Gelukkige olifant
Ik heb er als hofnar natuurlijk niet veel tijd voor, maar af en toe geef ik me er gewoon aan over: dagdromen. Tussen de bedrijven door zal ik maar zeggen. In een vergeten hoekje van haar agenda. Die dagdromen zijn niet alleen voor mijzelf, al kan ik een behoorlijk endje weg fantaseren over reizen bijvoorbeeld waar ik nooit aan toe zal komen. Ik dagdroom ook wel eens voor haar. Heel bescheiden natuurlijk, en zonder dat zij er ook maar iets van merkt.
Ik weet waar ze zich op verheugt. Het is alles wat met kunst te maken heeft. Ik ben er regelmatig bij, op de achtergrond natuurlijk, onzichtbaar in haar gevolg, maar ik weet hoe ze kan genieten. Bij concerten, tussen jonge beeldende kunstenaars, in de opera, in de omgeving van dichters en schrijvers, op tentoonstellingen. Zij kan er enthousiast over vertellen en zij weet er veel van, dat merk ik. Het zijn plekken waar ze zich thuis voelt, als ik dat zo mag zeggen, het meest op haar gemak. Naast haar eigen familie natuurlijk, dat spreekt vanzelf.
Ik merkte dat genoegen weer, toen ik onlangs in haar stoet meewandelde over het schelpenpad van het Lange Voorhout. Zoals ieder jaar aan het begin van de zomer opende zij daar Den Haag Sculptuur. Dit jaar zijn het indrukwekkende sculpturen van kunstenaars uit Zuid-Afrika. Het zijn allemaal beelden met een persoonlijk verhaal. Majesteit nam er alle tijd voor, bij ieder beeld liet ze zich informeren, boog zich iets voorover om beter te kijken en keek glimlachend omhoog naar de grote Afrikaanse olifant, tegenover de Kloosterkerk.
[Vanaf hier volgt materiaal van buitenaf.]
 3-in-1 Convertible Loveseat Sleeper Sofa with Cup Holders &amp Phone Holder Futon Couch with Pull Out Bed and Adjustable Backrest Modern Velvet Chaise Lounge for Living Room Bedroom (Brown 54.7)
Ik stond op enige afstand, zag haar daar staan en ik had een dagdroom, zomaar, ineens. Als vanzelf stond ze in haar eigen atelier, waar ze werkte aan een beeld. Het licht viel door de grote ramen naar binnen. Ze stond in een ruime schilderskiel aan een lange houten tafel. Met haar mouwen opgestroopt. Ze was in haar element, dat zag je. Uit een blok klei boetseerde ze voorzichtig de eerste vorm. Majesteit deed het behendig en geconcentreerd. Langzaam maar zeker kreeg de klei uit het vierkant de eerste ronding. Af en toe deed ze een stapje naar achteren om het eerste resultaat te bekijken.
In mijn dagdroom was ze zomaar even koningin beeld-houwer. In haar eigen kroondomein. Het maakte me vrolijk haar zo bezig te zien. Er kwam een mooi, sterk beeld onder haar handen te voorschijn. Hij stond er: een kleine donkergrijze olifant. Met zijn slurf vrolijk omhoog. En zijn flaporen in de wind. Het was een gelukkige olifant.